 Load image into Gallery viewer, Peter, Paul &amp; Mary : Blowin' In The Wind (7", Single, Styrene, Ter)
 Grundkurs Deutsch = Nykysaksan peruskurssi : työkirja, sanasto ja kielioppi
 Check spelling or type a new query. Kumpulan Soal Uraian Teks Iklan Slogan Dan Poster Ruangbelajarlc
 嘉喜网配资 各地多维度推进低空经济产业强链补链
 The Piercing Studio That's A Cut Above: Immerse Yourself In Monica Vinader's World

--------------------------------------------------

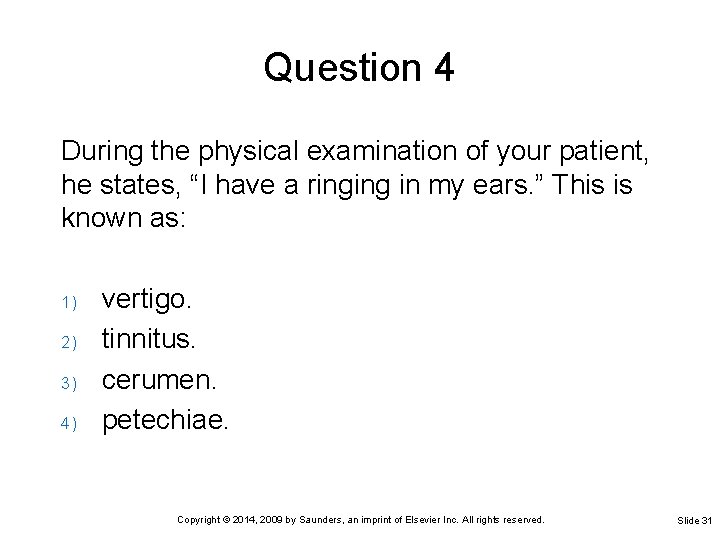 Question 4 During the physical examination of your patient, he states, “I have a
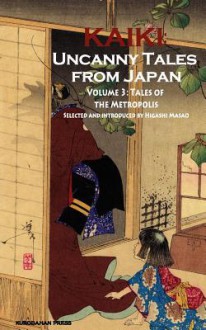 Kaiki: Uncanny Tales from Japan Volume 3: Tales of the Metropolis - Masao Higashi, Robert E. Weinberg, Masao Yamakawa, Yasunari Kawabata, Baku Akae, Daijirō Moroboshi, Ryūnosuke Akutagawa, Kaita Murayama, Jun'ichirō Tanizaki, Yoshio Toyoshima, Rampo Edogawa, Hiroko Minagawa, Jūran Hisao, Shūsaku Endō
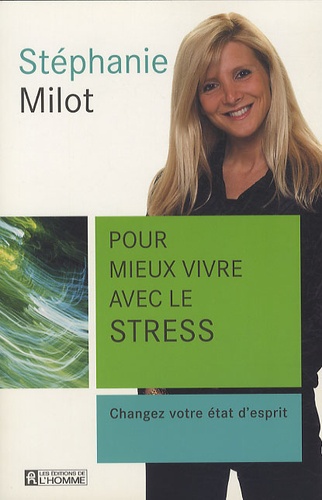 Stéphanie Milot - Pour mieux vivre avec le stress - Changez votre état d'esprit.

--------------------------------------------------

Exercise brief:
Extract, without any images, the part of the material above that opens with the line containing "Kaiki: Uncanny Tales" and closes with the line containing "Stéphanie Milot - Pour", both lines included.

Exercise output:
 Kaiki: Uncanny Tales from Japan Volume 3: Tales of the Metropolis - Masao Higashi, Robert E. Weinberg, Masao Yamakawa, Yasunari Kawabata, Baku Akae, Daijirō Moroboshi, Ryūnosuke Akutagawa, Kaita Murayama, Jun'ichirō Tanizaki, Yoshio Toyoshima, Rampo Edogawa, Hiroko Minagawa, Jūran Hisao, Shūsaku Endō
 Stéphanie Milot - Pour mieux vivre avec le stress - Changez votre état d'esprit.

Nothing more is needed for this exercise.